Vaulted ceilings and floor-to-ceiling windows give guest rooms a spacious feel. Private balconies overlook Siletz Bay, the forest, or the resort’s spectacular 18-hole golf course, which was redesigned by renowned architect and PGA pro Peter Jacobsen. Old-growth timber flanks the front nine, and links-style fairways weave through the back nine. After a round of golf or a tennis match, you'll have five dining options, ranging from the onsite deli to the newly renovated Prime Steakhouse with one of the Oregon’s largest wine cellars.
Salishan's spa is also a destination in its own right. Ranked No. 13 on the list of the Top 250 Spas by Condé Nast Traveler readers, the full-service facility offers facials, massages, and professional hair, nail, and waxing treatments. Even if you only stop by for a quick sweat in the sauna, be sure to stop by the spa's alfresco lounge area for the incredible bay views.

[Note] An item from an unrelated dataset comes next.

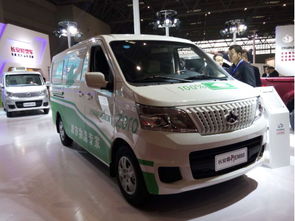 長(zhǎng)安輕型車 創(chuàng)新驅(qū)動(dòng)發(fā)展,品質(zhì)成就未來(lái)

Gleneden Beach, Oregon: Small Coastal Community Set amid Beachfront State Parks
Located on the central stretch of Oregon's 363-mile coastline, Gleneden Beach is only slightly larger than the resort itself. The tiny windswept town is home to two annual kite festivals and is a good spot for testing the holding power of one’s hairspray. The town is situated between two larger coastal cities, Newport and Lincoln City, both ideal spots for beachcombing, whale watching, and browsing in boutiques and bookstores. At Newport’s Oregon Coast Aquarium, you can see where harbor seals, otters, and sea lions frolic in their natural habitats. A 200-foot underwater tunnel at the aquarium provides near 360-degree views of sharks, giant octopi, and other creatures of the deep.